Le monde s’en va en décomposition. Pourquoi? Parce qu’il perd l’esprit chrétien. Parce que chaque chrétien ne fait pas tout ce qu’il pourrait pour sanctifier une à une les âmes sur lesquelles il a quelque influence.

Il est bien inutile de dire: je ne puis pas. Sans doute, que pouvons-nous? Mais Dieu est là, si nous le lui demandons. Et que faut-il faire pour rendre les relations saintes? Avoir le désir de faire du bien aux âmes, comme Marie envers Elisabeth et envers Jean. Savoir recevoir le bien qu’on nous fait, comme Elisabeth dans sa reconnaissance envers Marie. Parler de Dieu et de Jésus-Christ, comme les deux saintes cousines: Et beata quae credidisti, dit Elisabeth. Et Marie: Fecit mihi magna qui potens est(7).

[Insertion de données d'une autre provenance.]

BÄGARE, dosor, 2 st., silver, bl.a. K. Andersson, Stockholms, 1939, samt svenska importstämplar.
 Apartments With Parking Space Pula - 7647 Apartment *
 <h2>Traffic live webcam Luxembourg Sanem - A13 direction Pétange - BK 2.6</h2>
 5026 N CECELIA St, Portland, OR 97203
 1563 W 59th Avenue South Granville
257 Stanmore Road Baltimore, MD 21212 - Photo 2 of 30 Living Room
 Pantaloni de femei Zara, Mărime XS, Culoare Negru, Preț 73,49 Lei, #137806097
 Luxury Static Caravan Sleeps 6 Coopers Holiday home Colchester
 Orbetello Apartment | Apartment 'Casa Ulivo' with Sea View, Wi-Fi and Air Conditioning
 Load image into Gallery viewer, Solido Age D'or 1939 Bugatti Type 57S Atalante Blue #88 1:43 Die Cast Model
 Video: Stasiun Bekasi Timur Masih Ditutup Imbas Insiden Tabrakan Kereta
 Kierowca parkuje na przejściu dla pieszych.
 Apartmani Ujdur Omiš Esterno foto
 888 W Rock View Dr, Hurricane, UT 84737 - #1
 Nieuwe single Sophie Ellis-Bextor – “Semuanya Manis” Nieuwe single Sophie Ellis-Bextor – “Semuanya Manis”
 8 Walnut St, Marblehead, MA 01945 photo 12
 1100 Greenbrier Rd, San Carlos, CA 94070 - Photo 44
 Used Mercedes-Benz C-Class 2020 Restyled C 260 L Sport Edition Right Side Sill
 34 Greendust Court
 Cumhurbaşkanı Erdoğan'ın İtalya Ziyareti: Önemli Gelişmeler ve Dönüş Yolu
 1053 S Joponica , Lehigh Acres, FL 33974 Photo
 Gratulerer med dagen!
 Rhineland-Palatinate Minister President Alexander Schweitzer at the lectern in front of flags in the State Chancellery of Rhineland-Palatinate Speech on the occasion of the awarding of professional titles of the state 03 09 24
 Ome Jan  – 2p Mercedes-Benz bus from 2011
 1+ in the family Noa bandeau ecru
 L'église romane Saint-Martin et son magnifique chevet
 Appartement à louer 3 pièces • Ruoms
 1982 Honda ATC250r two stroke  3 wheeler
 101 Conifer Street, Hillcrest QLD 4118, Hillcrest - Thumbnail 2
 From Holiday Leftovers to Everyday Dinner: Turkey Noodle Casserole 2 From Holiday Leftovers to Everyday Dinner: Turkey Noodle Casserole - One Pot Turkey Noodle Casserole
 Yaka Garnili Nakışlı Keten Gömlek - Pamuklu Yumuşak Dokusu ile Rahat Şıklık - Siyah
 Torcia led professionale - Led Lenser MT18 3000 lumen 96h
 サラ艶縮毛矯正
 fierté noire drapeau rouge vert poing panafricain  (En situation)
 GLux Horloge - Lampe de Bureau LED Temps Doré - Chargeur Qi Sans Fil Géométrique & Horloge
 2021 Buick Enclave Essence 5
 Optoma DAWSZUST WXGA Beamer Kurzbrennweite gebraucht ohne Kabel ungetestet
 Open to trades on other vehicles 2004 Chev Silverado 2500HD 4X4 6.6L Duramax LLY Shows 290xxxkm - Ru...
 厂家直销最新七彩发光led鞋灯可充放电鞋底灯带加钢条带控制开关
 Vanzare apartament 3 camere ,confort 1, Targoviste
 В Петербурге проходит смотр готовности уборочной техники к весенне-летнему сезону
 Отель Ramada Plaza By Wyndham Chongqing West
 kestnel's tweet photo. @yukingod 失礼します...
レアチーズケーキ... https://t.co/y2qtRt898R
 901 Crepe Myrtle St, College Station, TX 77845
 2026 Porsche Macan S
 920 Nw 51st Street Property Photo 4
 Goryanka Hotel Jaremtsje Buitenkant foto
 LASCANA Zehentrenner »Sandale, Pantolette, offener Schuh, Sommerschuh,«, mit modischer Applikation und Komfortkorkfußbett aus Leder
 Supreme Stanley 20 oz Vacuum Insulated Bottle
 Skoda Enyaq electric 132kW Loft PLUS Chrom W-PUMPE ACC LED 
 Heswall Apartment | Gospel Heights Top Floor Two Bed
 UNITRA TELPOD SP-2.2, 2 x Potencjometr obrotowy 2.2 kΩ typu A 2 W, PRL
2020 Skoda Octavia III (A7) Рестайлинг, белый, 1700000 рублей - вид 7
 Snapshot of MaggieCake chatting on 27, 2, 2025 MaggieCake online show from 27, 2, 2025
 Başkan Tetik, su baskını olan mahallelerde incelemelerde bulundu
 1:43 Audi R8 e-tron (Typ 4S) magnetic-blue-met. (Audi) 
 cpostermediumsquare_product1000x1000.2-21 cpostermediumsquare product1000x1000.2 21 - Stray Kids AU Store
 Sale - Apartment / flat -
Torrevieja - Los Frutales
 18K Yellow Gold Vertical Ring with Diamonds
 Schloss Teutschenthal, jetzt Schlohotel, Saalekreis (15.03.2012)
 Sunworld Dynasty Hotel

Leur conversation est courte, du moins ce que nous en a conservé l’Evangile; mais que le peu que nous connaissons suffit! Ainsi devons-nous faire, et nous accomplirons des prodiges de sanctification sur nous et sur les autres.

Notes et post-scriptum
1. "*Exurqens autem Maria, in diebus illis abiit in montana cum festinatione*." (Luc. I, 39.)
2. "*Benedicta tu inter mulieres et benedictus fructus ventris tui*." (Luc. I, 42.)
3. Luc I, 41.
4. "Dès que votre voix a frappé mon oreille quand vous m'avez saluée, l'enfant a tressailli de joie dans mon sein." (Luc. I, 44.)
5. Ibid. 45.
6. Ibid.
7. "Celui qui est puissant a fait en moi de grandes choses." (Luc. I 49.)